遺産

ハヴァバッド



 望遠鏡を持って、あの河原へ行こう。

 こんやは肉眼でも木星が見えるんだって。

 流れ星になにを願う?

 俺はね、こうやってずっと、一緒に夜空を見上げられますようにって言う。

 長くても言える。三回だってがんばる。



 兄ちゃん。

 スバルは俺で、北斗星が兄ちゃんね。


 北斗星は星が一つ多いから。

 


 兄ちゃん、こんやも星を見に行こう。

 大三角形を捜そう。


 兄ちゃん。


 兄ちゃん?



 ──どうして、俺になんか構うんだよ。

 うるせえな。うぜえ。

 むかしといまの俺は違うんだ。

 もう二度と気安く話しかけんな。


 ……目障りだから。



 兄ちゃん……。



 兄ちゃん。

 ごめんな……。

 俺のせいで──。








 俺は、なにかを叫ぶ自分の声で目が覚めた。

 今度は広いベッドの上にいた。

 天蓋つきのベッドで、ベールのような薄いカーテンがぐるっとかかっていた。

 ときおり、そのカーテンが風で揺れる。

 俺は死んでなかった。生きてた。

 胸に手を置く。

 アルドのメイドロボットみたいだったサイズの表情と、俺の手から伝わってきたあの指の冷たさを思い出した。

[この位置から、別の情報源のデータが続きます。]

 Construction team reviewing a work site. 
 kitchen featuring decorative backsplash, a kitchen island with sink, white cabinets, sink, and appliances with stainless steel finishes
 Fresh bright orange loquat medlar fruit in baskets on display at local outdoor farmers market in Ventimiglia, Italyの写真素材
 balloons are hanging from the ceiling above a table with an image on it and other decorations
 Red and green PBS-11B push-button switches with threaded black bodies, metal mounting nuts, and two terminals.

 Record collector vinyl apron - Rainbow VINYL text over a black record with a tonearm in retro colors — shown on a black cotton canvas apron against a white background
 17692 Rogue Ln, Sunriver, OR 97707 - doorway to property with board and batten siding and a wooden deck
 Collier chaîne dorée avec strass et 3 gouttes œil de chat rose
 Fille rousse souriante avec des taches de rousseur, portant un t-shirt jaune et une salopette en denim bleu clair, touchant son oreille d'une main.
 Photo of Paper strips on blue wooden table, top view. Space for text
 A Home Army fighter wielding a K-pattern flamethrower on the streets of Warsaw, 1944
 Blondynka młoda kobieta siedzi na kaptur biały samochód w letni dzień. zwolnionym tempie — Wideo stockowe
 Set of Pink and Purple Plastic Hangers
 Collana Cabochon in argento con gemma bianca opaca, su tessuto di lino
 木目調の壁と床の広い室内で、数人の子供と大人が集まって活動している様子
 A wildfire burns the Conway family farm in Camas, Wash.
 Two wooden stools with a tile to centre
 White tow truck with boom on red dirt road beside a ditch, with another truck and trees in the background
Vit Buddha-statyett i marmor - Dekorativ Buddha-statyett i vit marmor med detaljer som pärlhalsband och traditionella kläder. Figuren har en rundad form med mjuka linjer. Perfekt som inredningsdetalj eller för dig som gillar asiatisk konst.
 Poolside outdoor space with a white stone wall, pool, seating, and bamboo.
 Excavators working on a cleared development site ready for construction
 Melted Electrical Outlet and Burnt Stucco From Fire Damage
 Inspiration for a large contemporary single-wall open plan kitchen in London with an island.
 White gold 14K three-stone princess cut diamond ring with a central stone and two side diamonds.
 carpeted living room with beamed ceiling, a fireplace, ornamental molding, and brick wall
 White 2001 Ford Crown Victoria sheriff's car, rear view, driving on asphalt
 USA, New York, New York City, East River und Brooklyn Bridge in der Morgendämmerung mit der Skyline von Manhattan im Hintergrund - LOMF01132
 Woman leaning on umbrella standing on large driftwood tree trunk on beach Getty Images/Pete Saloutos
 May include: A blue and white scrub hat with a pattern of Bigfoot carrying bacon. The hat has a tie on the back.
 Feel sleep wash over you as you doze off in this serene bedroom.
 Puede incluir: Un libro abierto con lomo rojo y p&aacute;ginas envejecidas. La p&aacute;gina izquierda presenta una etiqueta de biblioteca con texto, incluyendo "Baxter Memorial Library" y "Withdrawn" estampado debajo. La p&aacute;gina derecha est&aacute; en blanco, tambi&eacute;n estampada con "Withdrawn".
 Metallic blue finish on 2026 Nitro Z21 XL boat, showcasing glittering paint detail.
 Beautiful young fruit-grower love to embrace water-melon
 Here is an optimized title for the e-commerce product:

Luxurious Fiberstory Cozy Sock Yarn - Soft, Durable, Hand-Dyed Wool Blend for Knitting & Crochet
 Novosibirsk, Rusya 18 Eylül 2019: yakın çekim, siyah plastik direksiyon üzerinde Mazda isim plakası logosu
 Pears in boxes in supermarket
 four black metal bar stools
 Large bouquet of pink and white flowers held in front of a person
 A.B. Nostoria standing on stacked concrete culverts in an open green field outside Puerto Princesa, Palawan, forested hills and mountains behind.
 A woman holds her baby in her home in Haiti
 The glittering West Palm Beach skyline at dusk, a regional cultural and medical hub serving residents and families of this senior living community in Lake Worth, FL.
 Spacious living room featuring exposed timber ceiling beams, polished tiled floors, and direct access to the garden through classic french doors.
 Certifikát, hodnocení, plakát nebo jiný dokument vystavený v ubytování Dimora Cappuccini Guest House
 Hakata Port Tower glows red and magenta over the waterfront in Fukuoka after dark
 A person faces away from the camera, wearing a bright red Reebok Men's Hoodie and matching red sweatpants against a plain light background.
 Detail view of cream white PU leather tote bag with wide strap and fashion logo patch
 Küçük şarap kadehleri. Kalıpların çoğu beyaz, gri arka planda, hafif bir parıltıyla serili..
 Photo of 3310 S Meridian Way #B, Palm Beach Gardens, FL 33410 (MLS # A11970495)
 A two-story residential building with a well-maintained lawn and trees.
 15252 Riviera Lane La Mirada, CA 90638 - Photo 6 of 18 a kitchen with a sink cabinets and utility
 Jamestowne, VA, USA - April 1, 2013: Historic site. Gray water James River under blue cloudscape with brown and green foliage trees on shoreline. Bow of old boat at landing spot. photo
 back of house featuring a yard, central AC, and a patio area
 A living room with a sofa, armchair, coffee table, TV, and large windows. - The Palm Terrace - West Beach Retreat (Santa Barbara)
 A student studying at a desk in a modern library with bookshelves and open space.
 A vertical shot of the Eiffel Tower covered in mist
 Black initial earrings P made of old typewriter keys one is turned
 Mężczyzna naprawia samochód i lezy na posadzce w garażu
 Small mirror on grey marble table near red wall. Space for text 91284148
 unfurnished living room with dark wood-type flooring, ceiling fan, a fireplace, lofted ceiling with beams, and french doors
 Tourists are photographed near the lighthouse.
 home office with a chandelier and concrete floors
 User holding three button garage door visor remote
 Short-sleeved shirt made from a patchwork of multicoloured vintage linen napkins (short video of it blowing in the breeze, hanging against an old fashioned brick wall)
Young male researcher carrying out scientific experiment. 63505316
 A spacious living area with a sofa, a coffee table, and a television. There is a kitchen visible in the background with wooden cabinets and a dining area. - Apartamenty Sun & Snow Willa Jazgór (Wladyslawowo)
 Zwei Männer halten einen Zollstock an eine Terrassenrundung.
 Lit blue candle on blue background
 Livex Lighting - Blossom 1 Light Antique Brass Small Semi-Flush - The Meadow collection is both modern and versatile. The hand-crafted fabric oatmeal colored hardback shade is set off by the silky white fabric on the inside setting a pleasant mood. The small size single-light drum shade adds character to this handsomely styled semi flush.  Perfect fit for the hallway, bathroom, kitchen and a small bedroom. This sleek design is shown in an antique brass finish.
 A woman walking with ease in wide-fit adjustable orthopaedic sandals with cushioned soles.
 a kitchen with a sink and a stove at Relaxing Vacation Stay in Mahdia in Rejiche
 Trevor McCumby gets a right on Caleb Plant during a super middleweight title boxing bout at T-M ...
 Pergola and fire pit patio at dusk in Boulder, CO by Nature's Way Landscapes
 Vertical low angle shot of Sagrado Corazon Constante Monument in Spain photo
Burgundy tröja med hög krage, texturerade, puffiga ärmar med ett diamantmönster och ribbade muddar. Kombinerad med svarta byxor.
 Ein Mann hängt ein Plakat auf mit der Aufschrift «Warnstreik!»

 一体、なんであんなことが起こるのか、ぜんぜん理解できない。

 俺は視線を下げ、首元を探った。やっぱりあのペンダントはない。

 またカーテンが揺れた。

 かつかつと近づく靴音が聞こえ、カーテンの向こうで影が動いた。

 だれが来るのだろうと、俺は身を固くした。広いベッドを少し移動する。

 カーテンが開いて、顔を覗かせたのは、銀色の髪のあの人だった。俺が起き上がったのを確認し、笑顔になる。

 たしか、名前は──。


「レグ、オルダ……少佐」


 そうだというように、笑みが深くなった。

 それから、なにか言葉をかけてくれたようだったけど、やっぱり俺には理解できなかった。どうしたらいいのかわからなくて俯いていたら、肩を優しく撫でられた。

 もしかして、あのサイズから助けてくれたのはこの人なんだろうか。

 でも、そうだとして、なぜあのホテルにいたのだろう。

 訊きたいけど、言葉は通じないし、身振り手振りだけじゃあ細かいところまでは伝わらないと思う。

 そこへ、まただれかがやってきた。

 四角い帽子を被っていて、背筋がものすごくぴんと伸びた人だった。屈めていた腰を起こした少佐へ耳打ちし、どこかを指し示す。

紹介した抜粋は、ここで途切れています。